▸ PROBLEM STATEMENT
Among the lines below, keep only those from the one containing "this 845×633 image." through the one containing "this 1270×952 image.", and reproduce them exactly.

▸ DATA EXTRACT
------------

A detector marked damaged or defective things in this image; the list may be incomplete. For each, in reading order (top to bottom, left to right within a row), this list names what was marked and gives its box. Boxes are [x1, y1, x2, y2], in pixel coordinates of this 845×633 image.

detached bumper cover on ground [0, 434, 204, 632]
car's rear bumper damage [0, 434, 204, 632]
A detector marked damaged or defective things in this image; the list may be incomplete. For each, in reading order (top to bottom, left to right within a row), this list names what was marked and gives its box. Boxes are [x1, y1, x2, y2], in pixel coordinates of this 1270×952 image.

------------

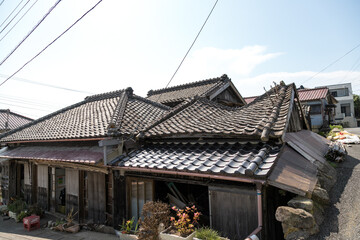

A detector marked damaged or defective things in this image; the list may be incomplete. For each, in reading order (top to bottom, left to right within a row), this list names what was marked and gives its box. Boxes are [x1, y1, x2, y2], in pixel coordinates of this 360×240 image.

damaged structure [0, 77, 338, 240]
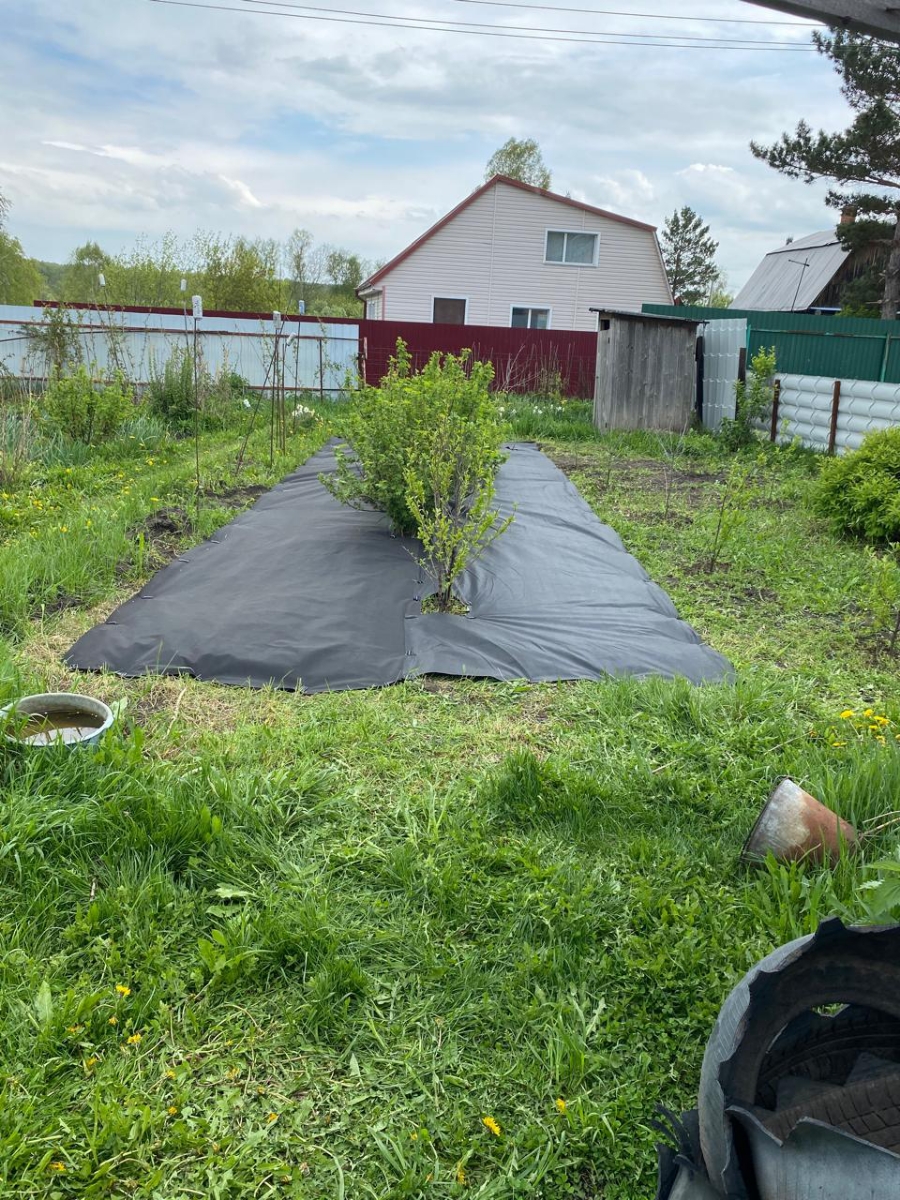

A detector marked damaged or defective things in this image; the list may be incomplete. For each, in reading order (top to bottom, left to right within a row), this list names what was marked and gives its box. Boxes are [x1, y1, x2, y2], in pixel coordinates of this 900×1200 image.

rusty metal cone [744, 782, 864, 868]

------------

▸ FINISHED TASK
A detector marked damaged or defective things in this image; the list may be incomplete. For each, in reading order (top to bottom, left to right within a row), this list names what was marked and gives its box. Boxes are [x1, y1, x2, y2], in pixel coordinates of this 845×633 image.

detached bumper cover on ground [0, 434, 204, 632]
car's rear bumper damage [0, 434, 204, 632]
A detector marked damaged or defective things in this image; the list may be incomplete. For each, in reading order (top to bottom, left to right within a row), this list names what was marked and gives its box. Boxes are [x1, y1, x2, y2], in pixel coordinates of this 1270×952 image.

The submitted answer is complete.